British International Investment
22 January 2024

How and why we finance SMEs

BII sees opportunities for impact in firms of all sizes. Sole-traders, microenterprises, small, medium, and large firms are all sometimes unable to find the financing they need, to the detriment of society. The growth of firms is at the heart of development. Countries escape poverty as people move out of informal employment into wage-paying jobs at larger and more productive firms. There is a striking absence of large firms in many of the countries where BII invests.  

The lack of suitable finance is a well-known constraint on the growth of small and medium enterprises. The answer seems obvious: increase supply. But the persistence of this problem over time and across countries tells us that it is not so easily solved.

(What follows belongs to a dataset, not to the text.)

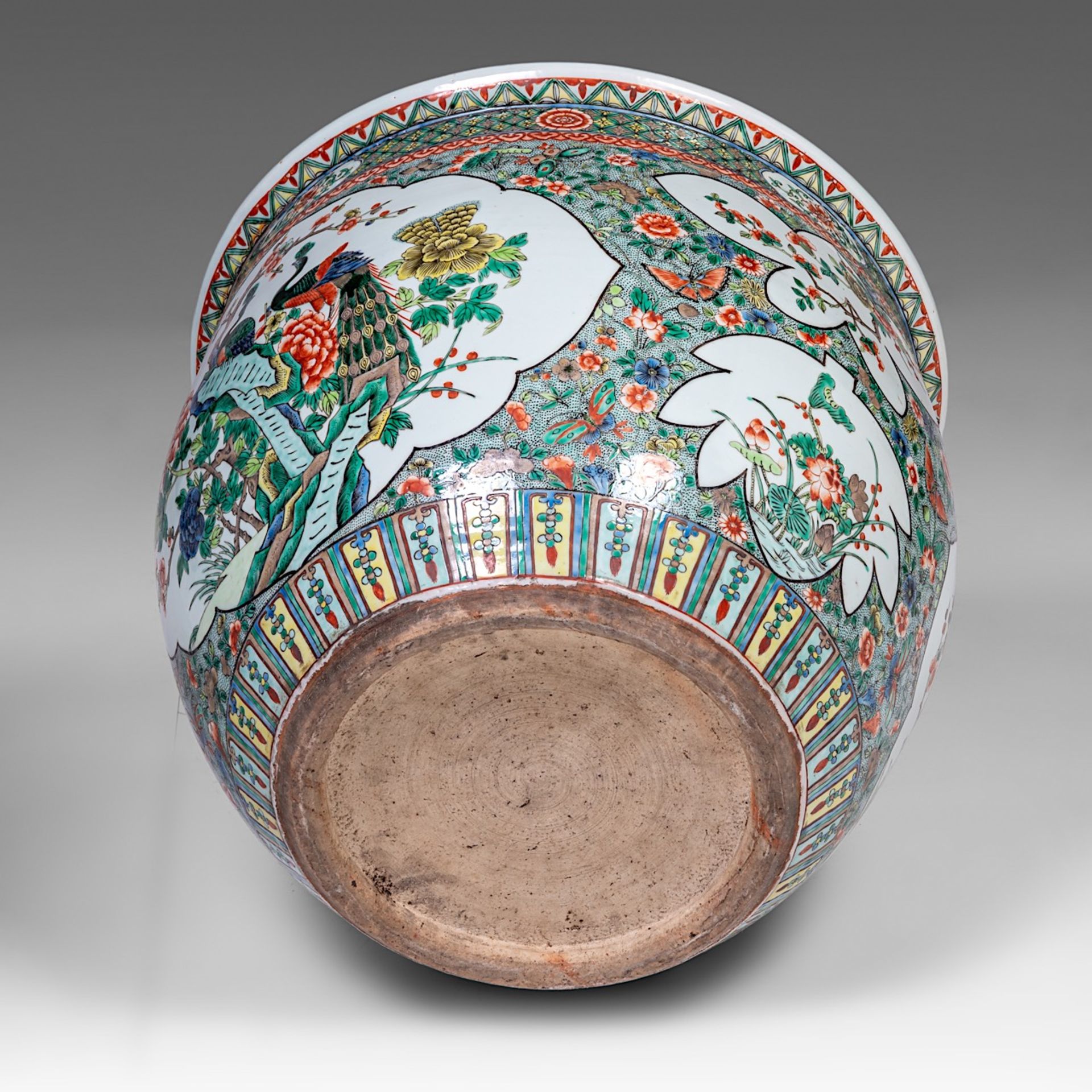 A large Chinese famille verte 'Birds in flower garden' fish bowl, late 19thC/Republic period, H 46 - - Bild 7 aus 7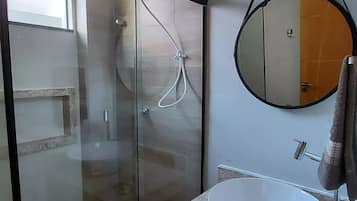 Towels, soap, shampoo, toilet paper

This paper tells the story of BII’s efforts to close the SME financing gap, tries to explain why the gap exists, and examines what the evidence has to say about the development impact of improving access to finance for SMEs. We have drawn from a review of the impact of small and medium-sized enterprises, “Why SMEs matter?” that BII commissioned from the International Growth Centre.

Banks are a big part of our story. In the past, in less developed financial sectors, our priority was often simply to strengthen and grow banks. As banks mature, our support can become more targeted, helping them shoulder the risks of SME lending and expand into more impactful areas, such as green lending.  

Bank lending practices are evolving, often in response to opportunities created by digital technologies and new sources of information about borrowers. The arrival of new digital lenders, offering borrowers quick decisions without asking for collateral, has shaken up the market. We often support these new entrants via fund managers who specialise in financial technologies.  

But digital credit typically serves the smaller end of the SME spectrum. Larger SMEs sometimes want larger loans, on flexible terms that are better suited to financing investments for growth. To meet that need, we often turn to SME financing specialists with more hands-on business models. The latest milestone in our SME financing journey is Growth Investment Partners, a business that BII has founded in Ghana to provide patient and flexible risk-bearing finance to larger SMEs, based on careful assessments of the borrower’s growth prospects. It is a model we hope to replicate elsewhere.  

There is no single answer to the problem of SME financing. Our approach is to support continued innovation and diversity in the financial sector. The needs of SMEs are varied, and the solutions must be varied too. We want to keep learning, and we hope you will learn something from our journey so far.